QUESTION FROM READER・・・・・

  I am a housewife in my 50s and have a son and a daughter who are already married with their own children. Recently I have been feeling uncomfortable because my son seems to be taken by his wife’s family. My son with children visit me only in summer vacations and New Year Days.

He goes abroad often for business. During that time, his wife returns to her parents’ home. The wife has a married sister living nearby. It looks like she is fond of my grandchildren because this woman has no children.

This woman decided to visit me when my son’s family happened to be in my home. I treated her warmly showing around the town and bought a T shirt for my grandson. The son’s wife said to her sister, “My mother-in-law bought this T shirt.” The sister said to me, saying “thank you”. I felt it was not right that she thanked me. Also, when the anniversary memorial service of my father took place the other day in a Buddhist temple, my son asked me to bring a prayer’s beads (which is like a rosary) for me, but when he came, he said that he borrowed it from his bother-in-law.

I am anxious because I feel as if my son as well as grandchildren were taken into his wife’s family. My friends suggested me that I should tell them instantly that they are my grandchildren and/or son, and that my son must use the prayer’s beads brought by me. I try to behave like “good mom,” but my friends criticize this. People usually say that it is true sons are taken by wives’ families when they are married. I cannot agree with that. How can I behave?
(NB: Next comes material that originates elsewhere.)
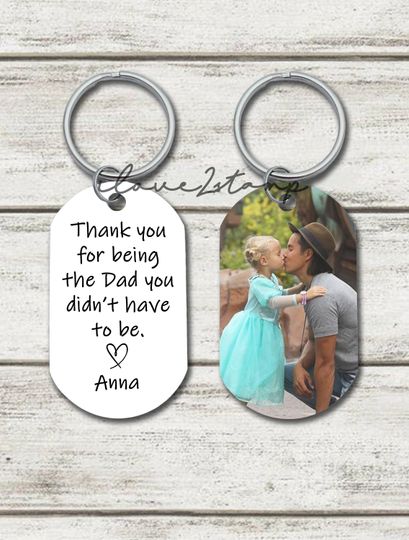 Bonus Dad Gift, The Dad You Didn't Have To Be, Step Dad Fathers Day Gift, Custom Gift for Step Dad Birthday Gift, Stepdad Thank You Gift
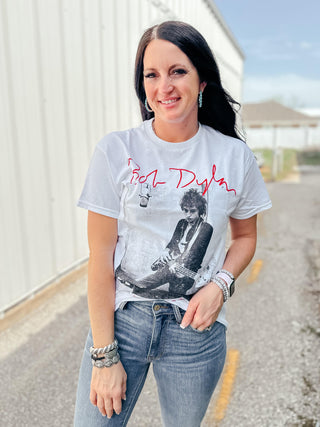 Bob Dylan Rolling Stones Band Tee-Graphic Tees-Prince Peter Collection-Motis & Co Boutique, Women's Fashion Boutique in Carthage, Missouri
REPLY FROM COUNSELER KIYOMI KAWANO

I think that there is more important awareness for you than whether you should be honest with them or not. After your children are married, they no longer belong to the original families. They have their own independent family, don’t they? I think their marriage neither means to cut off your blood relationship nor common relationship itself. Your uncomfortableness about this issue seems that you have a kind of old idea that you can depend on children for the purpose of your living.

Children must leave original families and parents have to accept any feeling of loneliness or whatever as its result. I think if you expected your children to stay with you forever, it would be strange and immature. It is better for you to look for enjoyable and creative ways to live your own life.